Visualization is key
Living in a visual world means most people make snap judgments by what they can see. If buyers cannot “see” themselves living in the home, they’ll keep looking. First-time buyers, especially, may need that extra nudge to make the plunge. Staging for the online photos is even more important. Potential buyers indicated they were more likely to walk through a home that had staged online images.
Faster is better
While some studies completed in the past few years indicate that staging does not change a buyer’s perception of a home’s value, it does help the home sell more quickly. In the world of real estate, where the seller is balancing the mortgage on the current home with the new mortgage on the home they want, selling the home more quickly for a fair price pays for itself. After all, who wants to be carrying two mortgages?
More is also better
Ultimately, it comes down to the outcome. Yes, the house may sell more quickly when staged, but does it sell for a higher price? Is the cost of staging recouped? The evidence is less clear here, but in the same NAR study, 49 percent of agents believed staging got the seller a higher offer. And while most of those indicated the increase was in the one to five percent range of the sale price, that was more than enough to cover the cost of staging.
Is this a time for DIY?
Binge-watching renovation and real estate shows may give a seller a false sense of their own ability to effectively stage their home. Professional stagers and design professionals can cast that critical eye that allows them to minimize a home’s flaws while accentuating its features. They also have a plethora of furnishings to utilize. To do it yourself might not be worth it on balance for what you get with a professional.
The most important key is to be on the same page as your local agent. They know your local market and are aware of the comparable homes for sale in your area. They know the potential buyers and what they expect to see in your home’s price range. Put their knowledge to work for you.

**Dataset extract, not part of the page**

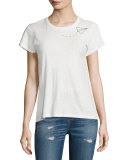 Embroidered Slim Crew Tee, Blanc/White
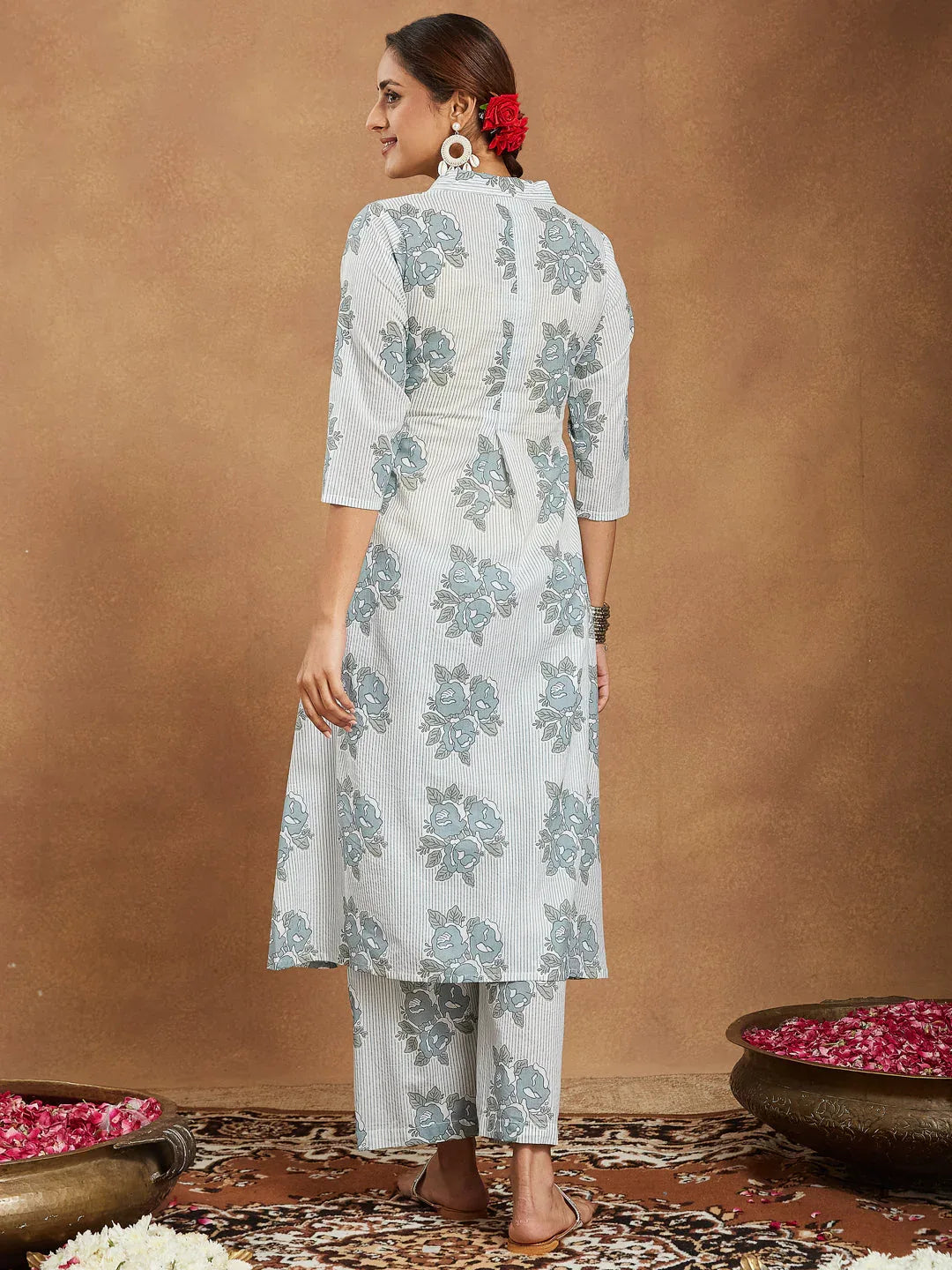 Janasya Women's White Pure Cotton Floral Printed A-line Shirt Style Kurta With Pant Set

If plans for selling your home are in the near future, you’re going to want to start strategizing the most cost- and time-effective ways to make your home irresistible to potential buyers. One of the most proven ways of giving your home the edge it needs to stand out from the competition is good photography and attractive staging.
In today’s post, I’m going to share my tips on home staging that can be achieved on a budget and in a short period of time. That way you can focus more time on finding a new home and stop worrying about selling your current one.
Tip 1: Start packing
Before you start worrying about arranging furniture, it’s important to make sure you have a clean slate to work with. Start by packing personal effects into boxes and labeling them accordingly.
Staged homes are homes that look appealing to the widest audience as possible. Having personal reminders, like family photos, trophies, etc., makes it harder for viewers to picture themselves living in the home.
Most of us keep our homes arranged in a way that is convenient to our lives. And. let’s face it--life can be messy. But, when it comes to staging, less is usually more.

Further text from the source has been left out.